Community bonding period: Undersand the entire module dependency hirarchy and also workflow of the modules, study the resources required for the project. Play around with apertium.

Week 1-4
Getting the transfer module done

  • Make transfer output the non-inline blanks before the rule output.
  • transfer handle inline-blanks, and ignore <b pos="N">.

and merge the work from transfer.cc into interchunk.cc and postchunk.cc.

Deliverable-1
The compilation of the above algorithm and the modifications in the transfer rules along with completing all the testings.

Week 5-6

Improving the deformatter algorithm which was written in the coding challenge along with some insights from the existing prototype, along with adding some test to keep the improving and testing parallelly.

Integrating the implemented Algorithm to re/deformatter and moving towards the chain of translation.

Week 7-8

  • Working on lt-proc to make it correctly disperse inline blanks onto each lexical unit until the next “[”.
  • Working on lt-proc generations which is to convert a lexical form into the corresponding surface form, and correctly tagging the inline-blanks to the lexical units to which they belong, adding “[]” to make reformatter know where that inline-tag needs to be closed.

for eg:

$ [{<b><em>}]^beautiful<adj>$ [{<em><i>}]^mind<n><sg>$ -> [{<b><em>}]beautiful[] [{<em><i>}]mind[]

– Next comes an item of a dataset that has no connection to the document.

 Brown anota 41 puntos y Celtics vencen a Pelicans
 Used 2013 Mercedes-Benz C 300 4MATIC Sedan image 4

Desired output after lt-proc generation:

[{<b><em>}]beautiful[] [{<em><i>}]mind[]
  • Working on the analysis part of lt-proc which is converting surface forms into the set of possible lexical forms, and correctly disperse all the inline-blanks on each lexical unit covered by that inline-blank.

Eg:

Input: <p>one, <i>two and</i> three</p>

Desired output after deshtml and lt-proc analysis:

[][<p>]^one/one<num><sg>/one<prn><tn><mf><sg>$^,/,<cm>$ [{<i>}]^two/two<num><sp>$ [{<i>}]^and/and<cnjcoo>$ ^three/three<num><sp>$[][<\/p>
]

Deliverable-2

  • Complete the work on formatter and lt-proc modules to bring them to descent/integratable level .
  • start writing tests and testing them.

Week 9-13

  • Final deliverable.
  • Doing the cleanup of the codes and fixing minor/major bugs.
  • Complete Integration of modules.
  • Writing all the test and testing them
  • Ensuring all the non-modified modules are working fine with the new/edited ones.
  • Documenting the work done in the project.

Short self-introduction

I am 3rd year a Dual degree (B.Tech + MS) program student in Computer science and Engineering at IIIT-Hyderabad, India. I’m doing my Masters in Computational linguistics on the topic “semantic similarity between sentences” and also a semester project currently in machine translation.

I am fluent in C/C++, python, HTML, CSS, MySql and a bit of javascript.

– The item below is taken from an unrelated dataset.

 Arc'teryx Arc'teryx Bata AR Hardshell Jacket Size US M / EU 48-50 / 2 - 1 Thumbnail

I am highly interested in Natural language processing and its sub-fields which is why I’m pursuing my Masters in this field. It is also due to the very practical use of NLP processes in the day to day life which fascinates me.

Open source contributions

  • I have contributed to sympy with some minute bugs
  • added some language text data to cltk org
  • some contributions to FOSSASIA for their open-event web app and loklak-server
  • sagemath for some additions in their website

Merged open-source contributions.

College projects (Non-open source contributions)

I would be staying in the college in summers for my MS project and apart from that I have no prior commitments so would be able to devote most of my time (6-8 hours 6 days a week) to the project. Also will be taking a week vacation in July.

Coding challenges:

Deformatting

Pretransfer

Transfer

Non-Summer of code plans

Will be taking one week vacation in July.